Mère qui alimente, restaure et rassasie, elle est la nourricière. Cet enfant que la femme a mûri le temps de neuf mois bien ronds, lui communiquant par osmose le meilleur d'elle-même, le voici ! A peine issu d'elle dans le sang, les sanies et les douleurs, il est élevé à ses lèvres et placé au sein, blotti contre elle, au plus étroit, peau à peau, dans un cercle de silence magique : instants de plénitude. Elle respire l'odeur soûlante de cette part de son corps si proche et cependant autonome
- le cordon est définitivement tranché.

L'enfant lui tend sa bouche avide à combler, lui offre ensuite sa béatitude repue, scandée de soupirs replets, ses paupières lourdement closes, ses sourires intermittents tel un signal allumé de loin en loin, pour confirmer la présence. Petit de femme, petit de Dieu.

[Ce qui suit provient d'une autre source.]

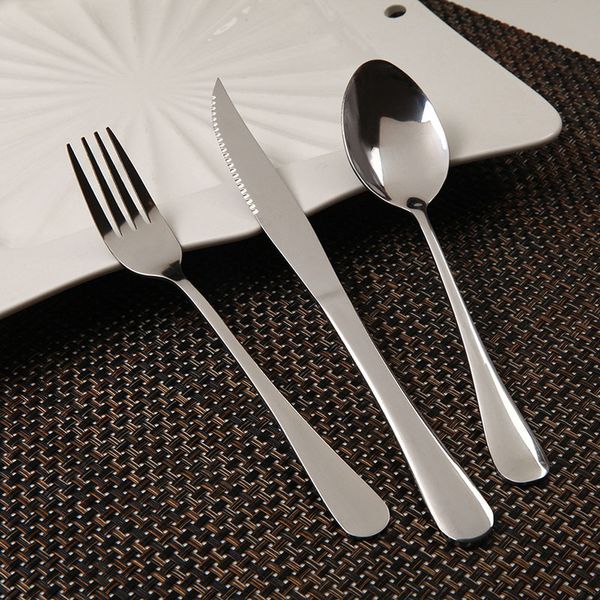 

tableware 3 pcs in one set stainless steel portable spoon fork knife suit 3-piece suit cutlery set high-grade stainless steel dinnerware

Viendront plus tard d'autres nourritures, plus subtiles : chansons, mots d'amour, tendres litanies enfilées comme perles. La langue humaine coulant d'amont, de bien plus haut que soi, irriguant la race, passe d'un corps à l'autre, fabuleuse. Relais. Mère et enfant goûtent le suc des vocables, les nuances et les finesses, la maîtrise du fil de la phrase, les jeux et acrobaties. Choc de mots, étincelles, révélations - éblouissements et troubles. Le dialogue s'instaure entre deux consciences, cherchant une voie dans la confusion des sensations, des sentiments, des idées. En prenant appui sur la parole offerte, la mère invite à rebondir, aller plus loin, tracer. À cheminer, tantôt de concert et tantôt solitaire. À lire et à relire sa vie aussi bien qu'à déchiffrer l'univers. Elle transmet les héritages - savoir-faire et valeurs invétérées. Oui, elle allaite à jamais. Elle assure l'amour de loin, nourrissant encore et toujours, en toute discrétion. Je suis là, dit-elle, tu le sais, même si je ne t'adresse plus de signe éclatant. Tu peux compter sur moi à la vie, à la mort.

Mathématique paradoxale : ce que je divise apparemment, ce que je donne à d'autres ne t'est pas enlevé, mais se trouve décuplé. Chaque enfant, unique, s'inscrit dans la partition familiale, et l'enrichit de sa note personnelle. Au noeud de cet assemblage multiple et sin=gulier naît une famille.

Mère et père. Au lieu de sacrer, de consacrer un seul sexe, qu'on célèbre l'alliance ! La force de la vision androgyne - homme et femme ensemble - est d'incarner tout à la fois les qualités jadis attribuées à l'un ou à l'autre, en vertu d'une tradition très relative, fort contestable. Mère-père. Douceur et fermeté. Chacun capable de tenir le gouvernail aussi bien que de dormir dans la cale lorsque l'autre prend le quart. D'avancer en tête et de fermer la marche. De concevoir et de réaliser. Elle élève la grosse voix comme il chante à notes claires. Elle/il dévide les comptines et repousse les ombres, il/elle gagne le pain et le distribue. Elle taille, élague, arrose, tout comme il s'assoit au jardin afin de rire à la brise, aux roses trémières balancées dans la lumière.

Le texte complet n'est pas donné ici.